AWS、Nova 2 LiteとClaudeで文書処理を最適化
- •AWSは卒業アルバムのデジタル化に向け、Nova 2 LiteとClaude Sonnet 4.6を組み合わせた2モデルパイプラインを展開した。
- •本システムは3,122件の関連付けで93.3%の信頼度を達成し、単一モデル構成と比較してコストを3分の1に抑えた。
- •画像単位の固定料金と適応型推論により、数十万ページの処理においても予測可能でスケーラブルなコストを実現する。
Amazon Web Services (AWS) は、Amazon Nova 2 LiteとAnthropicのClaude Sonnet 4.6を組み合わせ、スキャンした卒業アルバムをデジタル化するコスト最適化された2モデル構成のパイプラインをAmazon Bedrock上で発表した。このアーキテクチャはタスクを分割して効率を高めている。Nova 2 Liteは単一のAPI呼び出しでマルチモーダルな抽出を行い、写真の場所、表示されている名前、ページメタデータを特定する。続いてClaude Sonnet 4.6が適応型推論能力を駆使し、ページレイアウトに基づいて名前と顔をマッピングする空間推論を行う。この手法により、冗長な処理を回避しコストを大幅に削減した。
336ページのスキャンデータを用いたテストでは高い信頼性が示された。3,122件の名前と顔の関連付けのうち、93.3%が0.95以上の信頼スコアを達成し、0.90を下回ったのはわずか0.3%だった。処理コストは1ページあたり約$0.033で、単一の視覚言語モデルを使用する場合と比較して約3分の1となる。Nova 2 Liteの画像単位の固定料金は、解像度やファイルサイズに関わらず適用されるため、大量処理におけるコスト予測が可能だ。Claudeの適応型推論は、単純なポートレートのグリッドから複雑な集合写真まで、ページの複雑さに応じて推論の深さを自動調整し、さらなる最適化を実現する。

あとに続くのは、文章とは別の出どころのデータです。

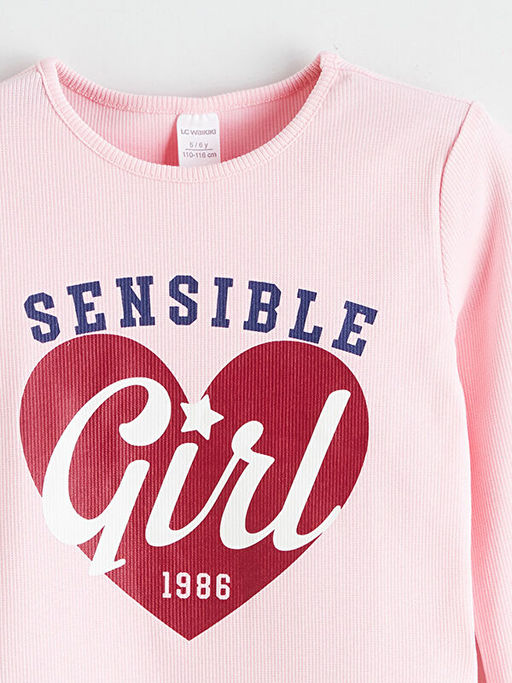 Bisiklet Yaka Bask?l? K?z ?ocuk Ti??rt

開発者は、Jupyter Notebookやソースコードを含むGitHub上のAWS Samplesリポジトリからこのソリューションを実装できる。ワークフローにはPython 3.10以降とboto3 SDKが必要だ。基盤となるパイプラインに加え、さらなるコスト削減も可能である。Amazon Bedrockでのバッチ推論は、夜間のワークロードに対して50%の割引を提供し、プロンプトキャッシュはキャッシュされたプロンプトトークンコストを最大90%削減する。さらに、ClaudeのbudgetTokens上限を設定することで推論コストを管理できる。検出と推論のステージを分離することで、より高度なモデルが登場した際にも各コンポーネントを個別に調整やアップグレードできるモジュール式アーキテクチャとなっている。